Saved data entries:

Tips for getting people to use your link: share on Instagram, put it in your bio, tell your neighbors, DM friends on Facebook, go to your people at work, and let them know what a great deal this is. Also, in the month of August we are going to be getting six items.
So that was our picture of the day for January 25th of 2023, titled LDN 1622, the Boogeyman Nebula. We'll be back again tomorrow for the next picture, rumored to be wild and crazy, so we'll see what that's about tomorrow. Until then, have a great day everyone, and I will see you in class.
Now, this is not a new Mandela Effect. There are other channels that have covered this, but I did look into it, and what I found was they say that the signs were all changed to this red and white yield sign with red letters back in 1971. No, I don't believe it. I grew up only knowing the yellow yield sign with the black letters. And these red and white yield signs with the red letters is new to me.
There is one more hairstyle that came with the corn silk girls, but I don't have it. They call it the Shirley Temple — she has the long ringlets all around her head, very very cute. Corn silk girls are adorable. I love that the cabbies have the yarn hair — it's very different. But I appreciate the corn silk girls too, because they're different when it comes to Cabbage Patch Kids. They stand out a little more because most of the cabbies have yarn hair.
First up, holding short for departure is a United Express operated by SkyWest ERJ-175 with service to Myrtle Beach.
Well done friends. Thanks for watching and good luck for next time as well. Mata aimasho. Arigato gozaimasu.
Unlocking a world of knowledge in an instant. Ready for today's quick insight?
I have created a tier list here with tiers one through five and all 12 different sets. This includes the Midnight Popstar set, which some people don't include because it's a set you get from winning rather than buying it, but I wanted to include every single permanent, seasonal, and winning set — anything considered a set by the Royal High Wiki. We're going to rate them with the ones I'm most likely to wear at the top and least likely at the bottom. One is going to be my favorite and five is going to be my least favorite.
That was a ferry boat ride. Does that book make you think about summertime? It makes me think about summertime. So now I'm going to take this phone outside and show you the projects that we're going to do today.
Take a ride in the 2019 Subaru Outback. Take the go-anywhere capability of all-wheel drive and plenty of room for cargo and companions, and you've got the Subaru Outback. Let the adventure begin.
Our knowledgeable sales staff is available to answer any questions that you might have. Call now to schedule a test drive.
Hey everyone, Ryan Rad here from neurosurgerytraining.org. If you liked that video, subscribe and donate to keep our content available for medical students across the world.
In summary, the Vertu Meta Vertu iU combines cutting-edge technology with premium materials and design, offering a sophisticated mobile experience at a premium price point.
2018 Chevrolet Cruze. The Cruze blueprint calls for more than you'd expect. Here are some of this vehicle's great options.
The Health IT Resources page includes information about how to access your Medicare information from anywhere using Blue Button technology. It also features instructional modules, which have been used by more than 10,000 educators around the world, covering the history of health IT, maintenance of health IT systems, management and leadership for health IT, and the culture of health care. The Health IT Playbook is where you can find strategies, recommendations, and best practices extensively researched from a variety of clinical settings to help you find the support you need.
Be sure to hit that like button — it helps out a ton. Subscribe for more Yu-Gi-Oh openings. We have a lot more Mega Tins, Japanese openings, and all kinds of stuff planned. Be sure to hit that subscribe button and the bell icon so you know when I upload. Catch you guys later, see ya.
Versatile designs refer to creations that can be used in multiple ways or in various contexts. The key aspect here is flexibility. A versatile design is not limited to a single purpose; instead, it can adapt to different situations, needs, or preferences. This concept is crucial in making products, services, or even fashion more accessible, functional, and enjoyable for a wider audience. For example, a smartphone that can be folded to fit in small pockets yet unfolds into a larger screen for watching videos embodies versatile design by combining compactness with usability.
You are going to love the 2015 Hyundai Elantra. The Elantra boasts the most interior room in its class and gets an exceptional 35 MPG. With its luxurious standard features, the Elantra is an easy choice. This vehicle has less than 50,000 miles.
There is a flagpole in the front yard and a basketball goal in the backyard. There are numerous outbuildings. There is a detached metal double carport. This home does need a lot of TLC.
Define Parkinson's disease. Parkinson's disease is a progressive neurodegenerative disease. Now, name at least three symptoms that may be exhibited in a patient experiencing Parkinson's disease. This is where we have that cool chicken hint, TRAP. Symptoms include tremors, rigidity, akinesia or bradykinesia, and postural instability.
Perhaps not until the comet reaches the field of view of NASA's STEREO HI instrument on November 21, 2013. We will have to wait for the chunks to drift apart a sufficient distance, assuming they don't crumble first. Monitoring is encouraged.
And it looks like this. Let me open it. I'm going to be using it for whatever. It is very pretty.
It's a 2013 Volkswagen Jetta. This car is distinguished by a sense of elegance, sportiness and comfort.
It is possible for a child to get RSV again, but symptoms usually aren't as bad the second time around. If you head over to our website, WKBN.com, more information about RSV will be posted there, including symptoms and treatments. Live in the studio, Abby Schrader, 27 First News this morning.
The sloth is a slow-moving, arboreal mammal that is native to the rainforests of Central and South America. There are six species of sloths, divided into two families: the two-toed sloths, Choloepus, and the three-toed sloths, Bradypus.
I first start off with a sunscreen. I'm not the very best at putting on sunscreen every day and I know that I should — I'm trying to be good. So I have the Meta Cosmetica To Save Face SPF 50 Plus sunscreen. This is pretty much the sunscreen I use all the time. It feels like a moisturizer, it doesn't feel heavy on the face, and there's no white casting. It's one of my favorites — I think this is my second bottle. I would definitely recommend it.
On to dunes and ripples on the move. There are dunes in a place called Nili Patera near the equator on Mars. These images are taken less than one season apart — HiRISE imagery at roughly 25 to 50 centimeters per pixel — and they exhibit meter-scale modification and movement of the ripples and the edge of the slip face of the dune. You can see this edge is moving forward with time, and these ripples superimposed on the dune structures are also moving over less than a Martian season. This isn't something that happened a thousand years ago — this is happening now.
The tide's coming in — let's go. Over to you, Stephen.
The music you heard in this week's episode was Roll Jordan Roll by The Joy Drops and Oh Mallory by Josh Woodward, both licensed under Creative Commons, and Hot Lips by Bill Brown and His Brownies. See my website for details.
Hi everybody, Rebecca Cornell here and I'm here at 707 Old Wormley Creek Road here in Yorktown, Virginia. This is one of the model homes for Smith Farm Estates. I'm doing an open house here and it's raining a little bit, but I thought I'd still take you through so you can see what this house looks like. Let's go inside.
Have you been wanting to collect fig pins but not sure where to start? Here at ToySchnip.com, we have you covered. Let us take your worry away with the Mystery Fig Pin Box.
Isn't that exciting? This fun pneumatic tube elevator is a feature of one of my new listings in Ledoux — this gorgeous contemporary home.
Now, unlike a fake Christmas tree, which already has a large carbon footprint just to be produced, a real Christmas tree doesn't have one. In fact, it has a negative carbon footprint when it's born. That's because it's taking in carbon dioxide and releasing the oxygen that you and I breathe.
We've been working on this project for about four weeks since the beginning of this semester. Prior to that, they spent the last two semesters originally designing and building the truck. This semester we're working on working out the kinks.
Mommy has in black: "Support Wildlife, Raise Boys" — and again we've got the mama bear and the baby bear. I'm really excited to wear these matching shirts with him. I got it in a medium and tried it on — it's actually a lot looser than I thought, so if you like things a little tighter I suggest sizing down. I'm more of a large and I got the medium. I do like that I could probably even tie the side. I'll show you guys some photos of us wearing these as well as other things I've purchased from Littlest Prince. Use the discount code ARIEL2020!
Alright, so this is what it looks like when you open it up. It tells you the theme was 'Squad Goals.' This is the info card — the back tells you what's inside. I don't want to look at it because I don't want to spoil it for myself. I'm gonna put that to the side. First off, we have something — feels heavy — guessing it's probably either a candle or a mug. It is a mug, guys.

### Try it
Go through the entries above and copy out every line that includes the word "friends".

### Answer area
Tips for getting people to use your link: share on Instagram, put it in your bio, tell your neighbors, DM friends on Facebook, go to your people at work, and let them know what a great deal this is. Also, in the month of August we are going to be getting six items.
Well done friends. Thanks for watching and good luck for next time as well. Mata aimasho. Arigato gozaimasu.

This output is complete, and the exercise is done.